For a fourth layer, I added an onion, sliced and sauteed, and the fifth layer was about 8 ounces, combined, of grated Parmesan and sharp cheddar, which happened to be the two cheeses I had on hand. Mozzarella would certainly have worked, too.

The last layer was a small bouquet of garden herbs — in this case basil, parsley and sage — chopped.

The casserole smelled wonderful while it was cooking, and it pleased this week’s taste testers, who included husband Mark and mom Marion. And now I’ll share it with you.

MT’s EASY EGGPLANT BAKE

1 medium purple eggplant

3 (15 ounce each) cans of garbanzo beans

3 cloves of garlic

several tablespoons olive oil

dash of lemon juice or vinegar

28-ounce can of diced tomatoes or use fresh tomato slices

1 onion

8 ounces of grated cheese

Chopped herbs for garnish

Slice the eggplant into 1/4-inch slices, drizzle both sides with olive oil and line bottom of 9×13-inch baking dish with them.

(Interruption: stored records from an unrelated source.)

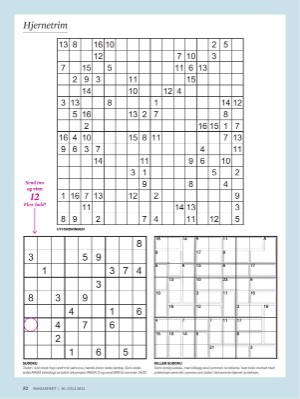 dagbladet_magasinet-20220730_000_00_00_052.pdf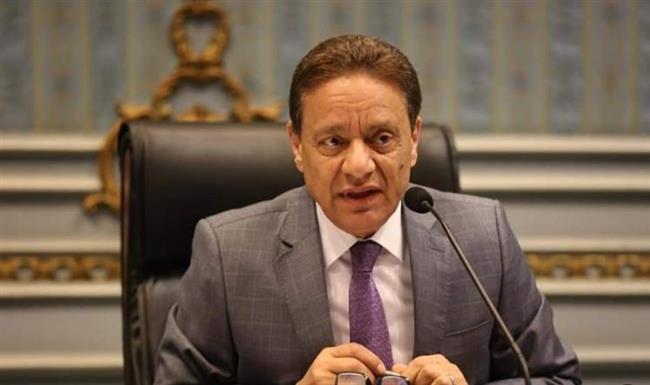السبت المقبل.. "الأعلى للإعلام" يفتتح دورة تدريب الصحفيين الشباب الأفارقة 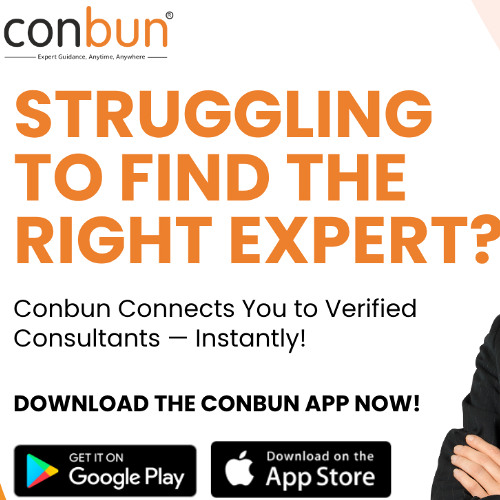 Why_2025_is_the_Strategic_Year_to_Launch_Your_Online_Consulting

Using a food processor or a hand masher, blend together garbanzo beans, 3 garlic cloves, about 2 tablespoons of olive oil plus a dash of lemon juice or vinegar. That makes several cups of hummus to spread over the eggplant, as the second layer.

For the third layer, the tomato layer, use either 28 ounce can of diced tomatoes or a few fresh tomatoes, sliced, to cover the hummus.

If you like onions, the fourth layer can be an onion, sliced and sauteed in about 1 tablespoon of olive oil.

After that, grate and add your favorite cheese, plus a small amount of fresh herbs for garnish and bake, covered, at 350 degrees for about 40 minutes. Let stand for 15 minutes before serving and add a few more chopped herbs to the top if you like.